▶ [ACTION ITEM]
Going line by line through the records below, write out everything starting with the line containing "Relógio Quadrado A brisa do mar é perfumada" and going on through the line containing "Blaise Pascal: Thoughts, Letters", exactly and inclusively. Pictures do not go in.

▶ [SOURCE MATERIAL]
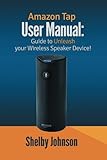 Amazon Tap User Manual: Guide to Unleash Your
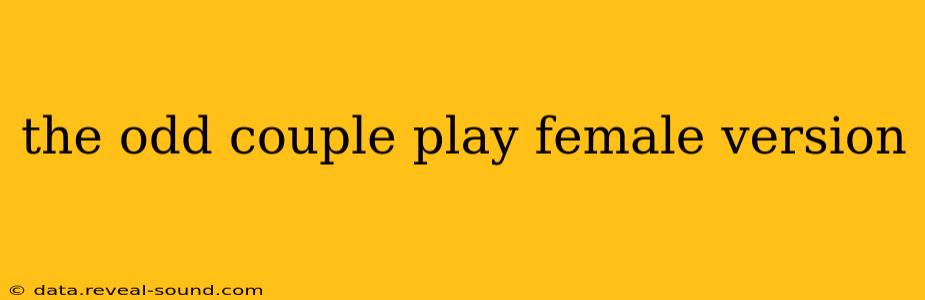 the odd couple play female version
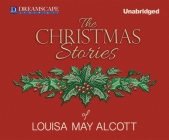 The Christmas Stories of Louisa May Alcott By Louisa May Alcott, Susie Berneis (Narrated by) Cover Image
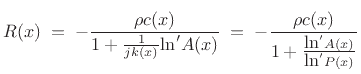 $\displaystyle R(x) \eqsp -\frac{\rho c(x)}{1 + \frac{1}{j k(x)}{\mbox{ln}'A(x)}} \eqsp -\frac{\rho c(x)}{1 + \frac{\mbox{ln}'A(x)}{\mbox{ln}'P(x)}} \protect$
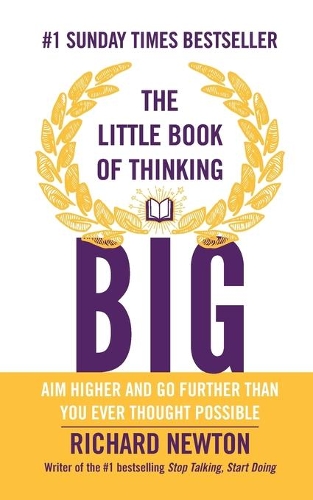 Бумажная книга «The Little Book of Thinking Big», автор Ричард Ньютон - фото №1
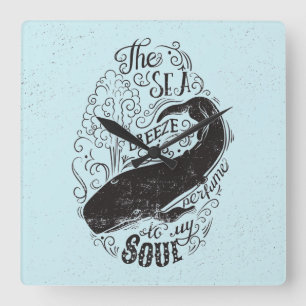 Relógio Quadrado A brisa do mar é perfumada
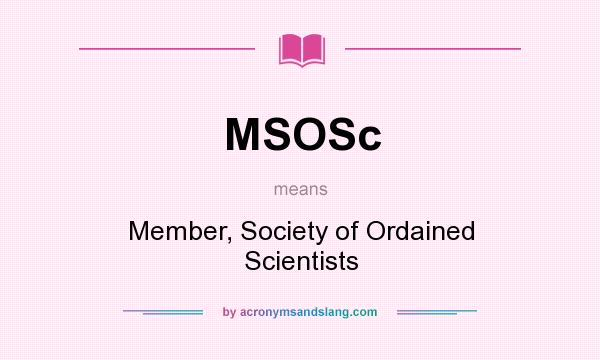 What does MSOSc mean? It stands for Member, Society of Ordained Scientists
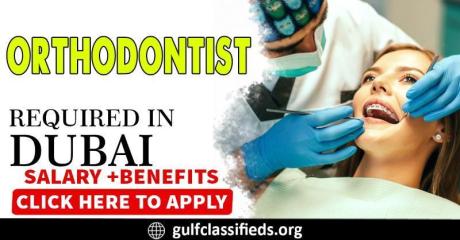 ORTHODONTIST REQUIRED IN DUBAI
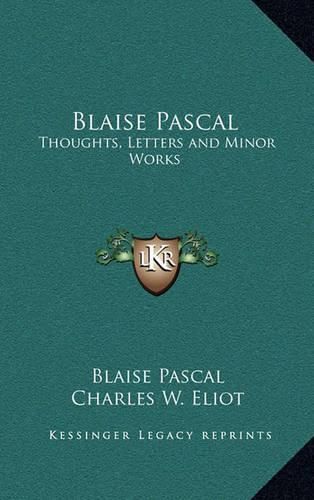 Blaise Pascal: Thoughts, Letters and Minor Works: V48 Harvard Classics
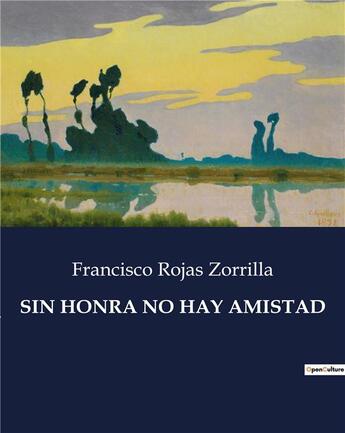 Couverture du livre « SIN HONRA NO HAY AMISTAD » de Zorrilla F R. aux éditions Culturea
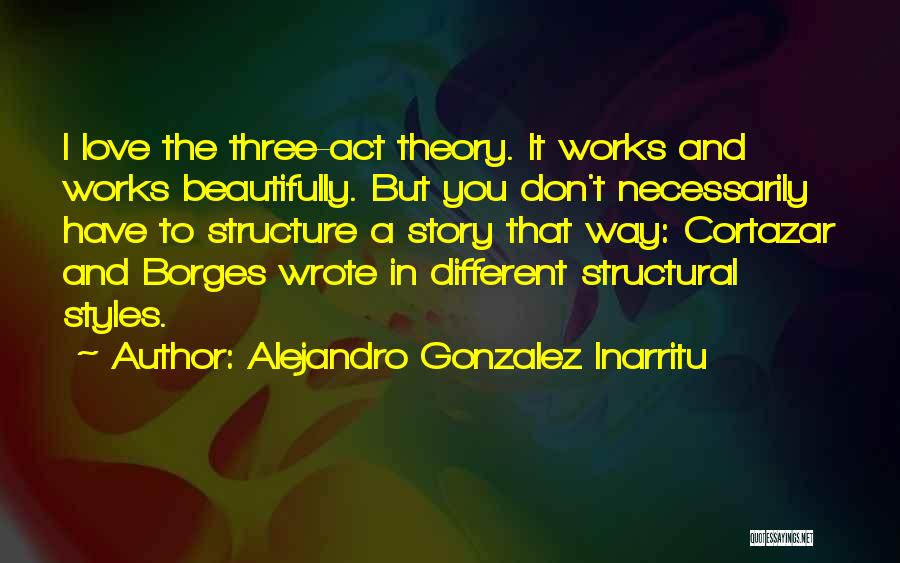 Alejandro Gonzalez Inarritu Quotes: I Love The Three-act Theory. It Works And Works Beautifully. But You Don't Necessarily Have To Structure A Story That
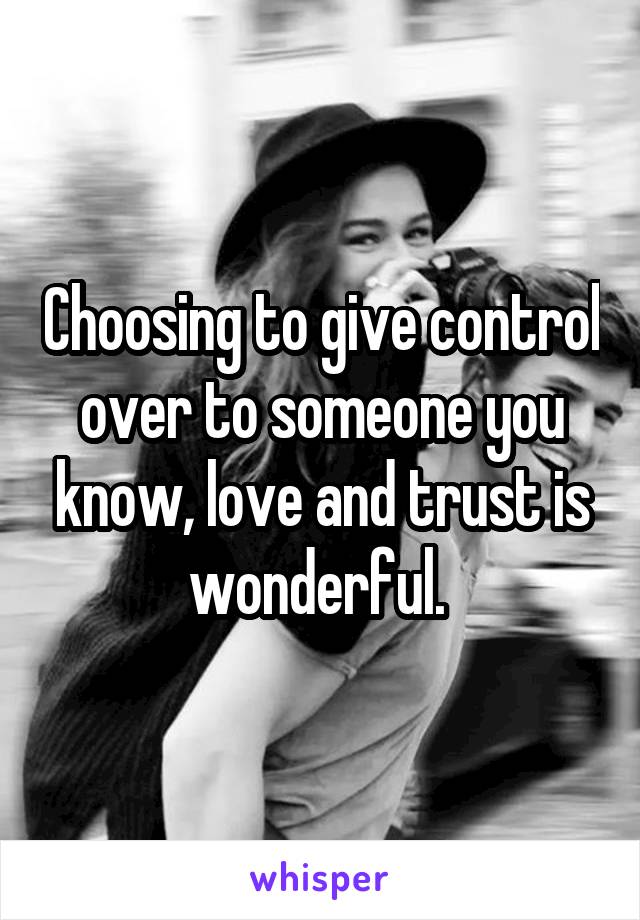 Choosing to give control over to someone you know, love and trust is wonderful.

▶ [WRITTEN SOLUTION]
 Relógio Quadrado A brisa do mar é perfumada
 What does MSOSc mean? It stands for Member, Society of Ordained Scientists
 ORTHODONTIST REQUIRED IN DUBAI
 Blaise Pascal: Thoughts, Letters and Minor Works: V48 Harvard Classics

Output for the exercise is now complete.